Another day, another slap in the face to immigrants. There are so many recent negative changes to talk about, but today I want to focus on the end of Military Parole in Place. This change is particularly painful as the granddaughter and sister of veterans and as someone who respects our service members and the sacrifices they make every single day.
Parole in Place (PIP) was created to ease the worry of deportation for certain family members of active duty or honorably discharged U.S. service members. A PIP approval erases an illegal entry to the United States and makes it as though the person entered the US lawfully. A legal entry is one of the requirements that someone must be able to show in order to get their green card in the United States. PIP created a great opportunity to legalize status for people whose only violation was how they came to the country. Without PIP, people would have to return to their home countries to get a visa - an expensive and stressful experience, if it was even possible (in some cases, the person would have to return home for ten years before trying to get a visa to return).

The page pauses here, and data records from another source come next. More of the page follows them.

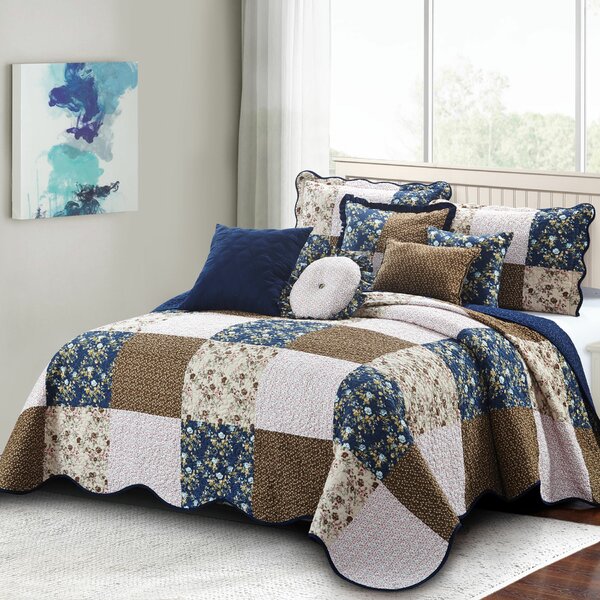 https://assets.wfcdn.com/im/95344971/resize-h600-w600%5Ecompr-r85/5751/57516419/Chiang+Microfiber+Quilt+Set.jpg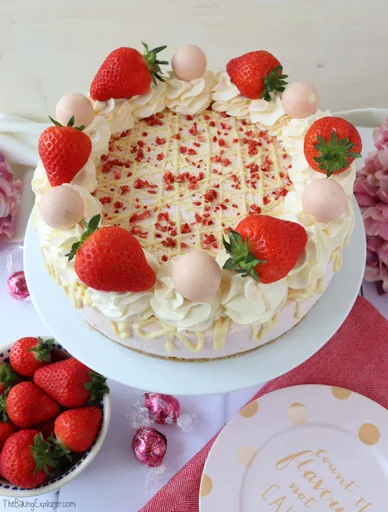 Tarta de queso con fresas y nata (sin horno)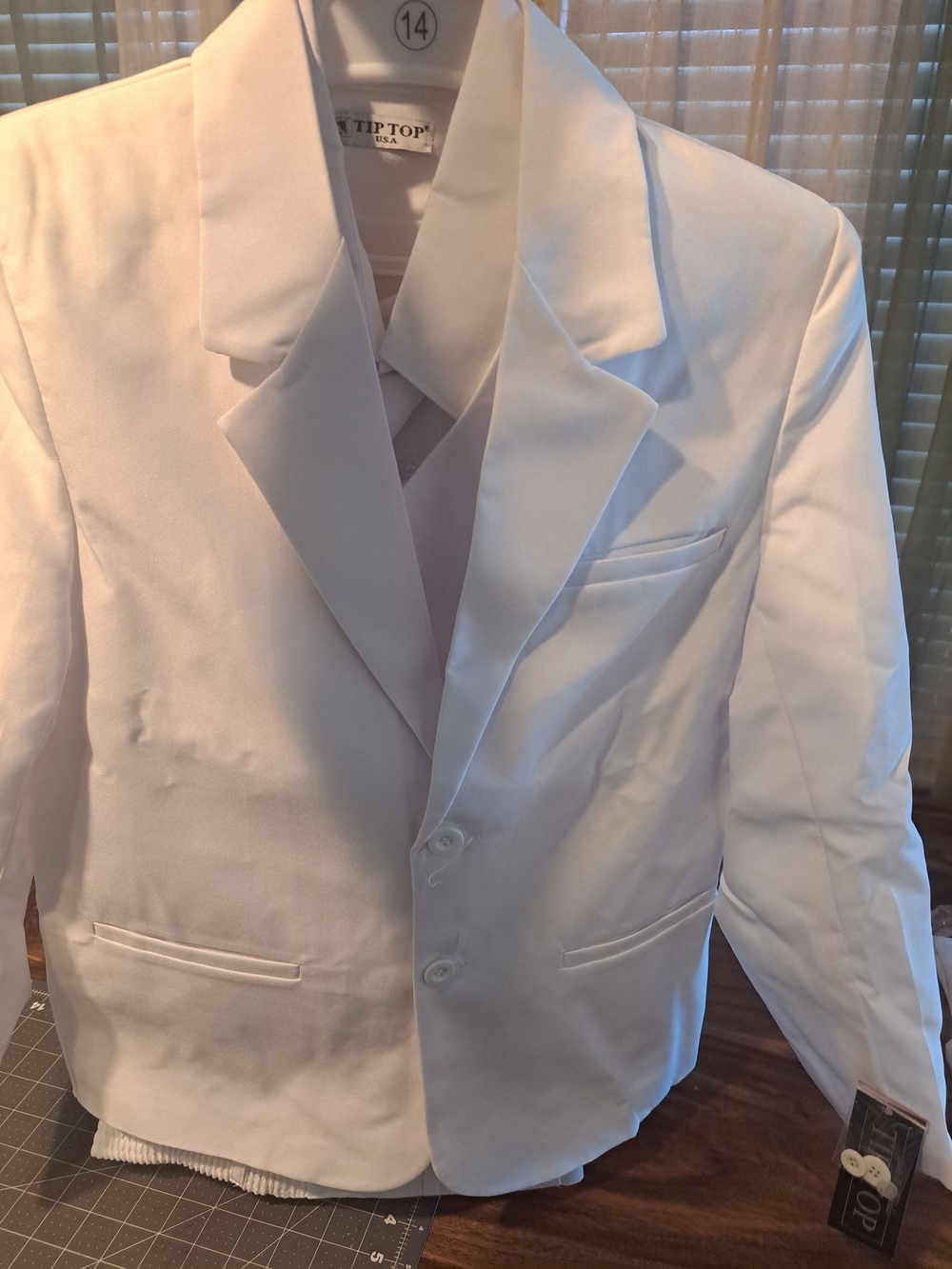 White Men’s Two-Button Suit Jacket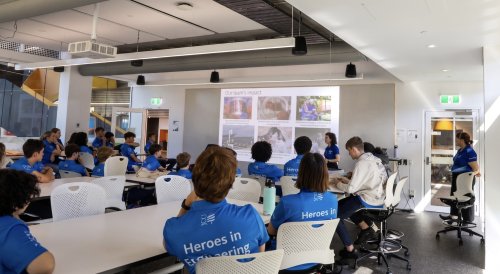 ジェームズクック大学の工学部で授業を受ける学生たち
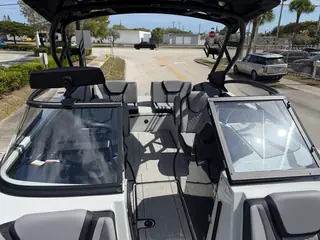 Yamaha 255XD 2025, фото 12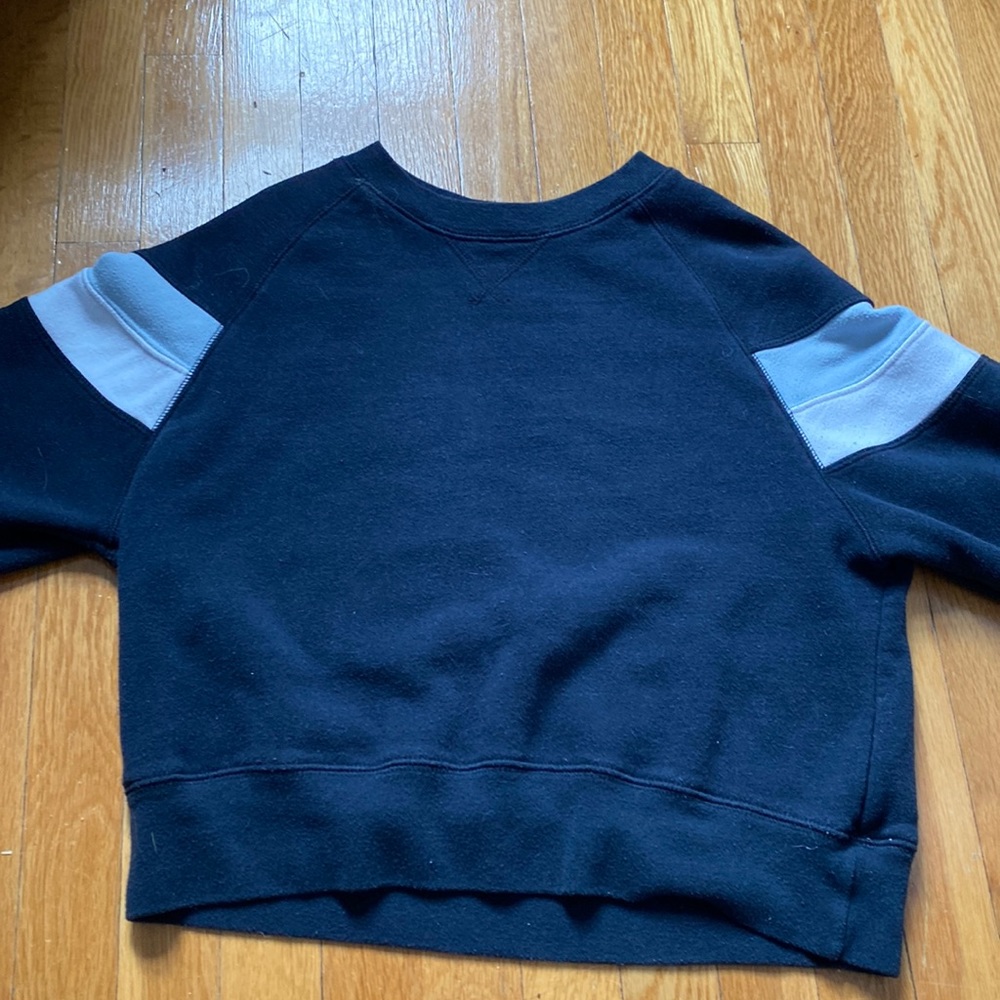 brandy melville navy shirt/crew neck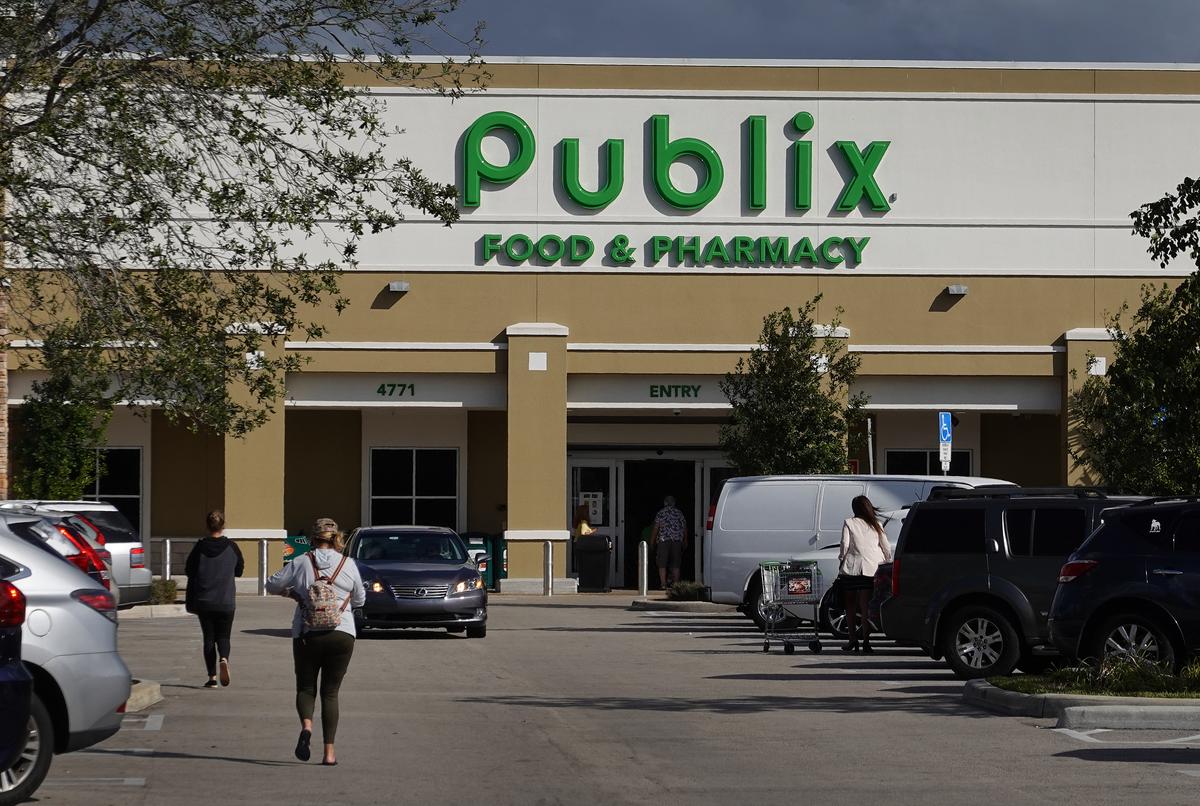 Major Supermarket Chain Won’t Give COVID-19 Vaccines for Kids Under 5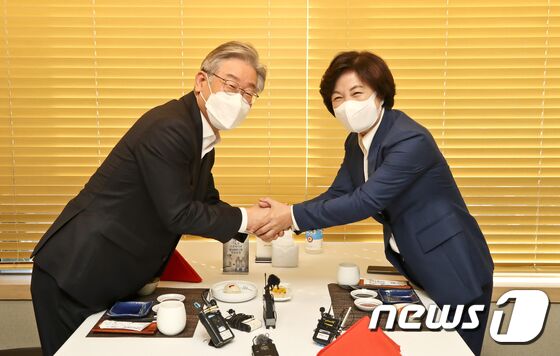 이재명 더불어민주당 대선 후보가 27일 서울 여의도의 한 식당에서 추미애 전 법무부 장관과 오찬 회동을 하며 악수하고 있다. 오대일 기자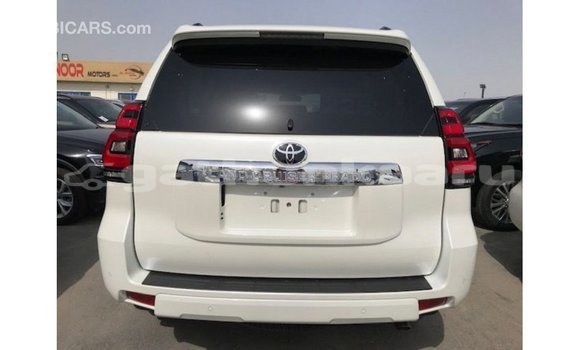 Buy Import Toyota Prado White Car in Import - Dubai in Baa Buy Import Toyota Prado White Car in Import - Dubai in Baa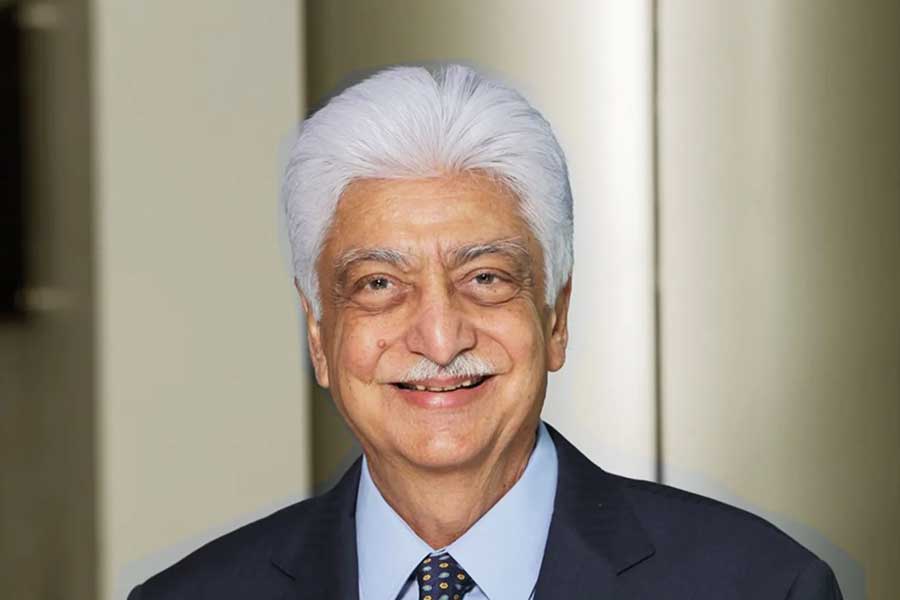 This billionaire of India named Arjun Menda is a self-made industrialist and has more wealth than infosis chief Narayan Mutrthy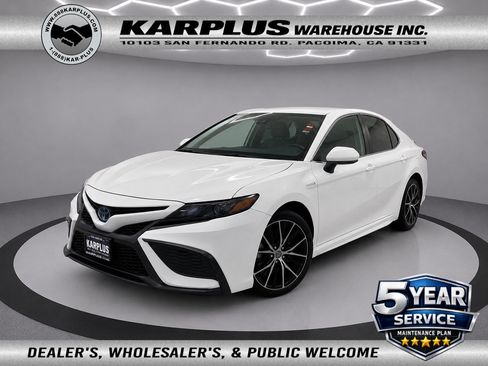 Used 2021 Toyota Camry SE FWD image 1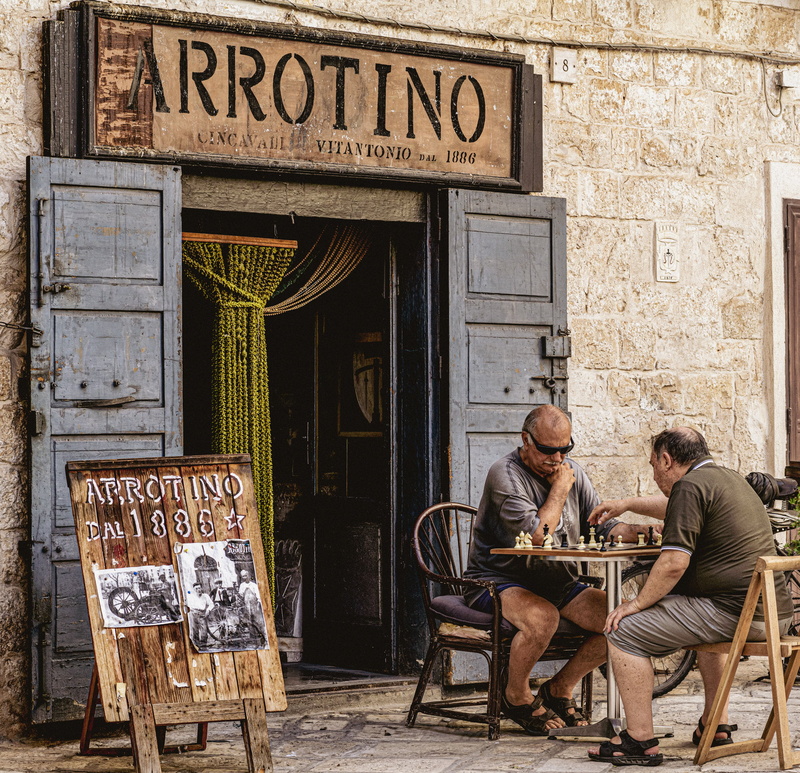 1080P, men, playing, chess, Max Achille, old, doorways, sunglasses, door, curtains, rust, poster, Italy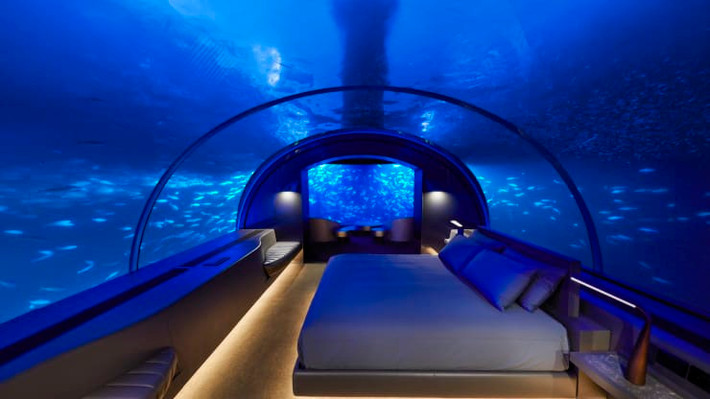 Biệt thự Muraka tại đảo Conrad Maldives Rangali có phòng ngủ chính chìm dưới nước, sâu 4,8 m. Du khách ở đây sẽ có nhân viên phục vụ, đầu bếp riêng và dịch vụ đưa đón bằng thủy phi cơ. Giá phòng từ 46.500 USD/đêm cho các kỳ nghỉ trong tháng 11 và tháng 12. Ảnh: Conrad Maldives Rangali Island.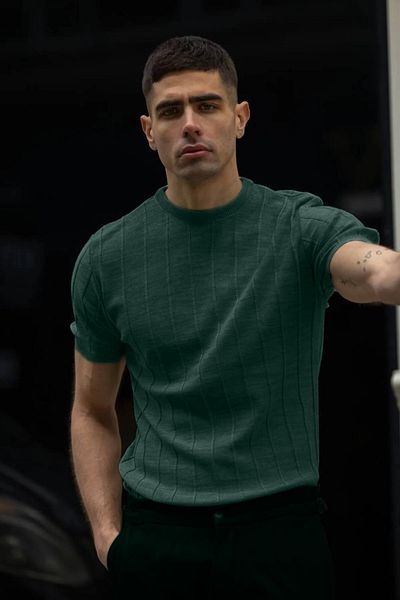 BİRBEYSTORE Πλεκτό T-Shirt με λαιμόκοψη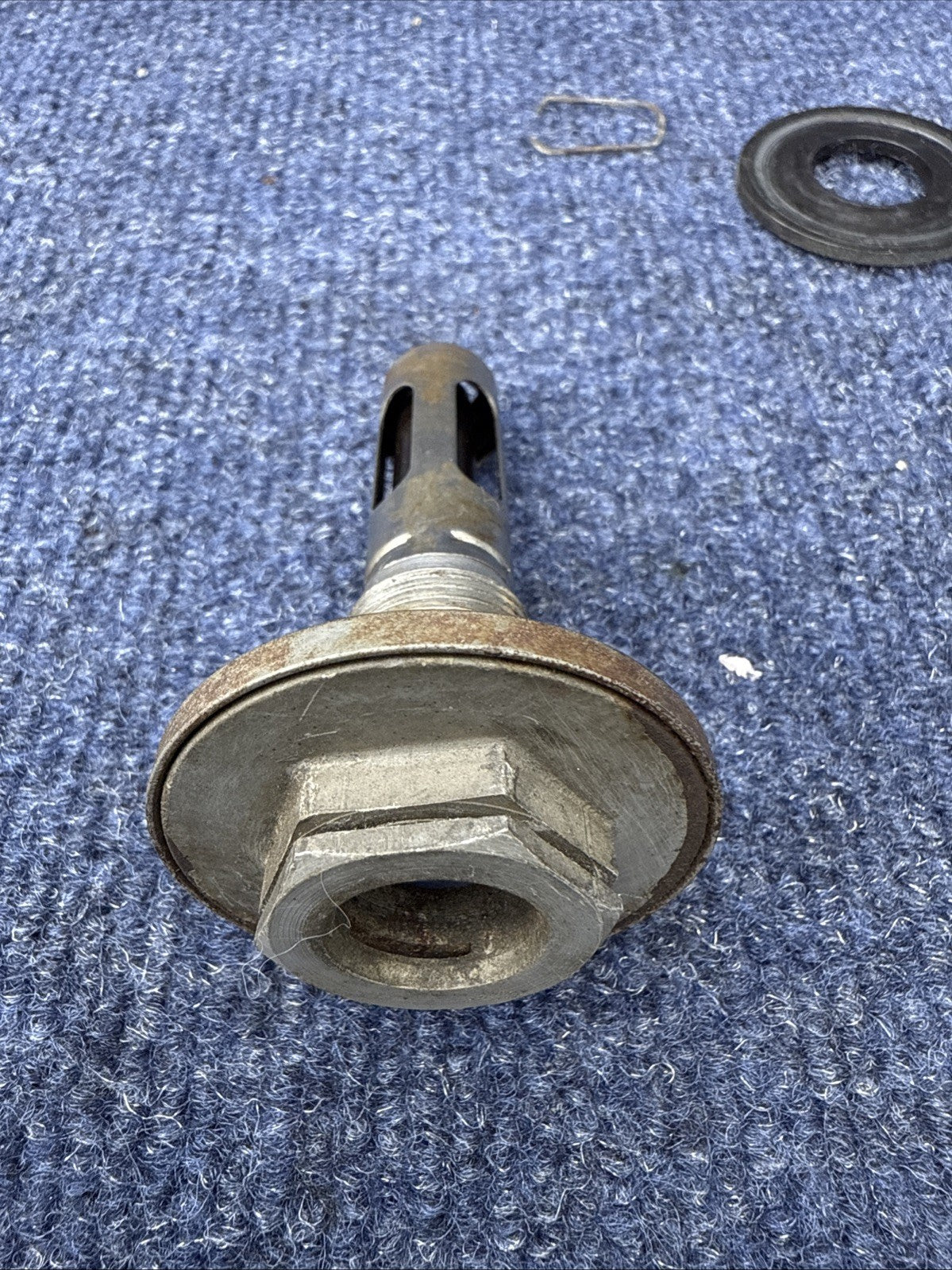 86-87-93-95 Ford Mustang Low Oil Sensor Oil Pan Level Plug Factory V8 302 OEM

PIP is a national security issue. Imagine you serve in Afghanistan and your Pakistani wife entered the US unlawfully as a child. Without PIP, she would have to go back to Pakistan to obtain her immigrant visa. She would be extremely vulnerable as the spouse of a US service member. How would you be able to focus on your job when you’re worried that your wife will be kidnapped or worse?
PIP also shows respect for our veterans and addresses potential special needs. Someone who served our country should have their spouse, parent or child deported for merely being in the US without inspection. How can our country demand that people put their lives on their line, but can’t give them peace regarding their family?
To the best of my knowledge, there is no exact date that PIP will end, but we know the end is coming within three to four weeks. If you have PIP, you are fine and can use it for meeting the legal entry requirement (though you can’t renew PIP). If you are the parent, child, or spouse of an active duty service member or veteran, talk to an immigration attorney as soon as possible to see if you’re eligible for PIP and apply while you can.